Species and varieties

All decorative series of varieties and hybrids of this flower are a variety of pink catharanthus. They differ from it in the size of the bush and different shades of petals. We will introduce you to the most popular of them.

This is a low bush, 50 cm in height. The flowers are relatively large - up to 5 cm in diameter. The color range is varied - from pure white to dark red. In the middle, a contrast eye usually sparkles. This flower is grown not only as a houseplant, but also as a garden plant, decorating them with borders in flower beds and paths.

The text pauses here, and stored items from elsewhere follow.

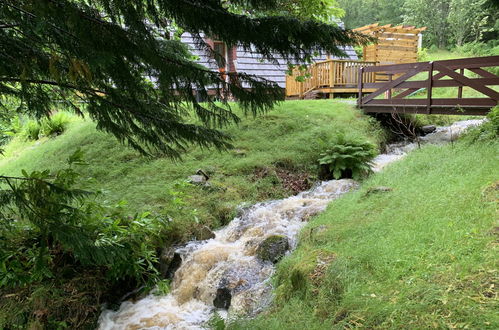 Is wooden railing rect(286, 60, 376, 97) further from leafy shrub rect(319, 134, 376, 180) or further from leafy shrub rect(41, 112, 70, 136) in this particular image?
leafy shrub rect(41, 112, 70, 136)

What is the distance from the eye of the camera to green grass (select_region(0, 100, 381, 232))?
Answer: 7.25m

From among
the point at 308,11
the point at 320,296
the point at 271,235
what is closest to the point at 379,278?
the point at 320,296

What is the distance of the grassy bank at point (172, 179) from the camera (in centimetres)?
427

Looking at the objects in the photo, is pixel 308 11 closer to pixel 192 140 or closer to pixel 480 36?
pixel 192 140

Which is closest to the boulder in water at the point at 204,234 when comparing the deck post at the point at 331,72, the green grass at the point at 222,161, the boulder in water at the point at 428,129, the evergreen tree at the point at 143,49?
the green grass at the point at 222,161

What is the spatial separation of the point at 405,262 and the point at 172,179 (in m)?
5.76

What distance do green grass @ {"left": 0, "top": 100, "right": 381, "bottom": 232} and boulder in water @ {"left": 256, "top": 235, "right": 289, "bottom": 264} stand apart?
60.5 inches

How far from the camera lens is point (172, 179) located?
8.04 meters

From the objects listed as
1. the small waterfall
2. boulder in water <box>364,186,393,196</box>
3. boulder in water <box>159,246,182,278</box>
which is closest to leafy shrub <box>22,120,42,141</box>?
boulder in water <box>159,246,182,278</box>

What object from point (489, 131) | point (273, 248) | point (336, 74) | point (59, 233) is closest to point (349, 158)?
point (489, 131)

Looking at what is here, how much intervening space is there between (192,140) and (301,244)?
97.8 inches

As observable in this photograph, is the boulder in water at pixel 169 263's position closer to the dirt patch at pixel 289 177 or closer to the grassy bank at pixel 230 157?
the grassy bank at pixel 230 157

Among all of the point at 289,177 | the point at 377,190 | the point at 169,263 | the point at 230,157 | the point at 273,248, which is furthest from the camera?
the point at 230,157

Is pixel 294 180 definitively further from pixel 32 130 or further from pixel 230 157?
pixel 32 130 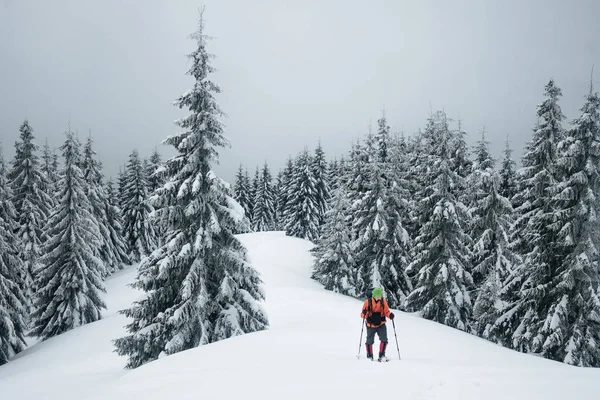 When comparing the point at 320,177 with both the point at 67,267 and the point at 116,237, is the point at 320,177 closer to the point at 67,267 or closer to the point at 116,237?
the point at 116,237

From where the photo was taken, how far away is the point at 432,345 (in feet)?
43.1

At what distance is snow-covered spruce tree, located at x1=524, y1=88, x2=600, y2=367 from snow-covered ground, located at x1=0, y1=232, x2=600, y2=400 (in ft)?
15.6

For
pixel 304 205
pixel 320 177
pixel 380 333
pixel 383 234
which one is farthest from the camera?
pixel 320 177

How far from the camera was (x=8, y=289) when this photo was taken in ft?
68.1

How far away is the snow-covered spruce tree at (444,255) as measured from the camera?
71.8 ft

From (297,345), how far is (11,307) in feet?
64.9

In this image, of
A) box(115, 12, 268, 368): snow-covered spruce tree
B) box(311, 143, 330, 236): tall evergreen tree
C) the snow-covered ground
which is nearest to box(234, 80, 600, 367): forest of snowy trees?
box(115, 12, 268, 368): snow-covered spruce tree

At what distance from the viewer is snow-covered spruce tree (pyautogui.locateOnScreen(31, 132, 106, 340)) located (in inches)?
942

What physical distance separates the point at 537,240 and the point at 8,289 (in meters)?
29.3

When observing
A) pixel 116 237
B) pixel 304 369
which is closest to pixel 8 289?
pixel 304 369

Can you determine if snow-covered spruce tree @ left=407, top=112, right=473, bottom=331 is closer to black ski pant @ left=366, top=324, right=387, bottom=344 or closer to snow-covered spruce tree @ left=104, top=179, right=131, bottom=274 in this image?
black ski pant @ left=366, top=324, right=387, bottom=344

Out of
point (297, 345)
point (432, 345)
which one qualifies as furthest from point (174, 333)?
point (432, 345)

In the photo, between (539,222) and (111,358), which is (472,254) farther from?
(111,358)

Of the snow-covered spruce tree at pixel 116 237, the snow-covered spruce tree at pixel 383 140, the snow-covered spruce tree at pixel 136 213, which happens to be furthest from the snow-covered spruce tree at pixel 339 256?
the snow-covered spruce tree at pixel 116 237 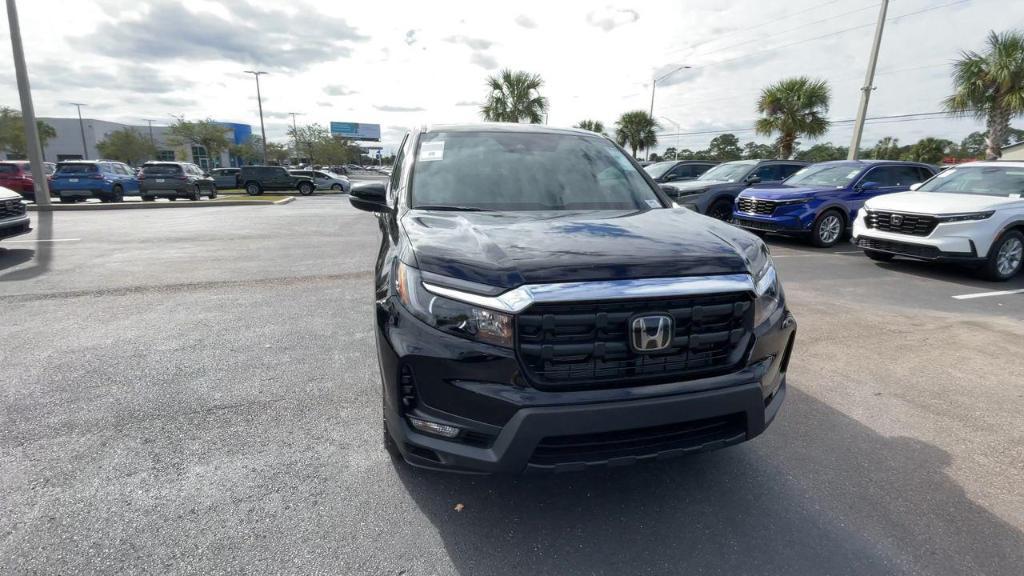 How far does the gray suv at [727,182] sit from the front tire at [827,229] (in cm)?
204

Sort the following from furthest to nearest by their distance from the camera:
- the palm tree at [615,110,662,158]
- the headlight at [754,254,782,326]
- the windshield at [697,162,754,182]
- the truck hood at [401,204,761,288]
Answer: the palm tree at [615,110,662,158] → the windshield at [697,162,754,182] → the headlight at [754,254,782,326] → the truck hood at [401,204,761,288]

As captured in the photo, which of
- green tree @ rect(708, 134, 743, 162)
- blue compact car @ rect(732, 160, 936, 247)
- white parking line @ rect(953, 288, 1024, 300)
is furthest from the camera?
green tree @ rect(708, 134, 743, 162)

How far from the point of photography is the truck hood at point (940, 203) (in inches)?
273

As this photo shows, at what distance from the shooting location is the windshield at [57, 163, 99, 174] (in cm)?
1730

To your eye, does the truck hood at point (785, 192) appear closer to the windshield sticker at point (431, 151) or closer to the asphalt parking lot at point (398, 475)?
the asphalt parking lot at point (398, 475)

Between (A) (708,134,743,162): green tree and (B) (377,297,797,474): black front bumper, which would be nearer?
(B) (377,297,797,474): black front bumper

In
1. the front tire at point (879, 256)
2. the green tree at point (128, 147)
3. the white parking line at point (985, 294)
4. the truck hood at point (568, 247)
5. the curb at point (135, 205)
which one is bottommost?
the white parking line at point (985, 294)

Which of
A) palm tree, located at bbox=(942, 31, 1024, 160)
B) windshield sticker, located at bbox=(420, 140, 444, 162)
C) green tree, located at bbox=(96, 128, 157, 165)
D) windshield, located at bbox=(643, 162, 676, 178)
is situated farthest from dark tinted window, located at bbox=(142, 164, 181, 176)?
green tree, located at bbox=(96, 128, 157, 165)

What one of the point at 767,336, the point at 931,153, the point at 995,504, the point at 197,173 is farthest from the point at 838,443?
the point at 931,153

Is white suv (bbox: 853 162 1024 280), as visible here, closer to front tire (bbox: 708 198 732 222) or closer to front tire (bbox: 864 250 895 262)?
front tire (bbox: 864 250 895 262)

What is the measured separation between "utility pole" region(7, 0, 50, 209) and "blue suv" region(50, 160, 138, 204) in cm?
253

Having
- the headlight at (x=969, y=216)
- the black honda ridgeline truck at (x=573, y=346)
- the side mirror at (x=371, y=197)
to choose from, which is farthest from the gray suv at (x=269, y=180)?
the black honda ridgeline truck at (x=573, y=346)

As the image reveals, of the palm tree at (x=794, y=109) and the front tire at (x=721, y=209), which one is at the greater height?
the palm tree at (x=794, y=109)

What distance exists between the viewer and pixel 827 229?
32.3 feet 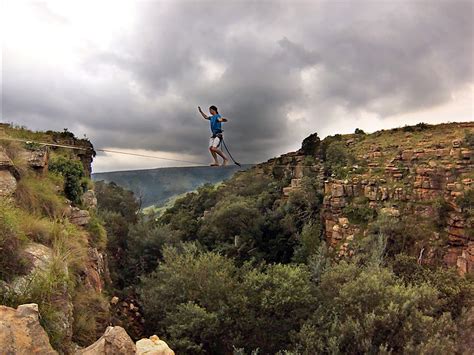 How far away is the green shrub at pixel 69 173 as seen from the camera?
473 inches

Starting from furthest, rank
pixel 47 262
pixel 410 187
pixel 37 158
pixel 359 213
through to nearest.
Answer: pixel 359 213
pixel 410 187
pixel 37 158
pixel 47 262

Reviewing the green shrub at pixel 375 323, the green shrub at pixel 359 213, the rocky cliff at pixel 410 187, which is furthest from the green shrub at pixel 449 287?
the green shrub at pixel 359 213

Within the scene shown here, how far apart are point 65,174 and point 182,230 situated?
56.5ft

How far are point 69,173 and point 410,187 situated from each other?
20806mm

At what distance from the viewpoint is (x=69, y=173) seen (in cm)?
1234

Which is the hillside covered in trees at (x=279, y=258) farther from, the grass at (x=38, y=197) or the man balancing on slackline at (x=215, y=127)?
the man balancing on slackline at (x=215, y=127)

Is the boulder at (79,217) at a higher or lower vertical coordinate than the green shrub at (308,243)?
higher

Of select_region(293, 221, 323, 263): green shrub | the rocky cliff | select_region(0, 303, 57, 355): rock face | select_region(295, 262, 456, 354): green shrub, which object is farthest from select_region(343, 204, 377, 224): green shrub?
select_region(0, 303, 57, 355): rock face

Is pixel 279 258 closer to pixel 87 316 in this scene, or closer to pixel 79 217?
pixel 79 217

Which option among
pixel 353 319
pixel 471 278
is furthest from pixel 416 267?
pixel 353 319

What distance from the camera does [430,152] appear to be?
75.2ft

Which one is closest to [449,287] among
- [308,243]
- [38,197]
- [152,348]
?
[308,243]

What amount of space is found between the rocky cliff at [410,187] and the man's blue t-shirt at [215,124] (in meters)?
10.7

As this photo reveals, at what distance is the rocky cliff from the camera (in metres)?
18.1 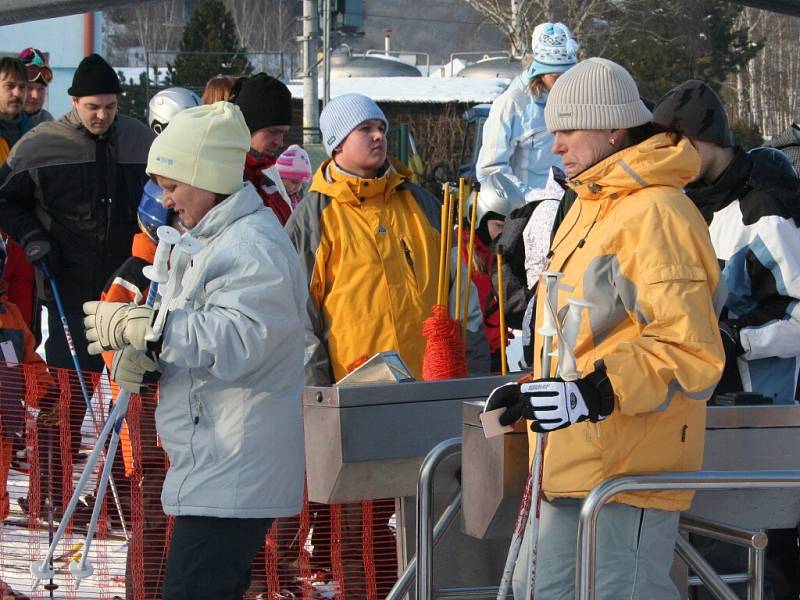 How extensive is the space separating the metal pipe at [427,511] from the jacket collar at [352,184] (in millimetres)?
1300

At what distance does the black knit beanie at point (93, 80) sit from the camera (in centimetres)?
587

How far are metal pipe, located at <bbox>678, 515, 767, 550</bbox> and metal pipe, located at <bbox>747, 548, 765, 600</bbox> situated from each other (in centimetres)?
5

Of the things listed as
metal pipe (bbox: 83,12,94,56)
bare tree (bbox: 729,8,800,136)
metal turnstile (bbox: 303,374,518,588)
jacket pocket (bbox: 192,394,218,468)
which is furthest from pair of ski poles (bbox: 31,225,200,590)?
bare tree (bbox: 729,8,800,136)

This is a low compact bush, 25 - 30 cm in height, and 15 - 20 cm in crown diameter. It is characterized by early flowering and unpretentious care. The flowers are large, a characteristic eye in the middle stands out brightly.

Depending on the shade of the petals, the Pacifica variety has its own varieties:

  • Pacific Burgundy - has rich wine-colored flowers with a white eye;
  • Pacific White - has white flowers with a red eye;
  • Pacifica Epricot - has apricot-colored flowers with a red center;
  • Pacifica Ice Pink - has pale pink flowers with a red eye.

In the eighties of the last century, a number of new spectacular varieties of catharanthus appeared. Here are some of the popular ones so far:

Variety series Cooler (Culer). Small strongly branching bushes, up to 40 cm in height, united here. Their flowers are round, large, up to 5 cm in diameter. With a bright contrast eye in the center.

The varieties in this series include:

  • Grape Cooler - lavender-pink flowers with a red center;
  • Peppermint Cooler - white flowers with a bright red center;
  • Red Cooler - red flowers.

Sortoseriya First Kiss (First Kiss, First kiss). Low, 30 - 40 cm in height, neat bushes, have a beautiful crown and at least 13 shades of flowers. This is the most popular and titled series of catharanthus. At flower growers' competitions in North America, the catharanthus of this variety series won prestigious prizes, in particular, the blue-violet cultivar First Kiss Blueberry won high awards in the USA and Canada.

Variety series Cascade (Cascade). Here are ampelous catharanthus, up to 15 cm high and with long flexible shoots that either creep or hang down. It blooms with large flowers, up to 5 cm in diameter. The most popular varieties of this variety series:

Quaranthus ampelous Titan. Long whips hanging down reach 75 cm in length. Numerous bright red flowers burn brightly on dark green glossy leaves. This variety is excellent for growing in pots.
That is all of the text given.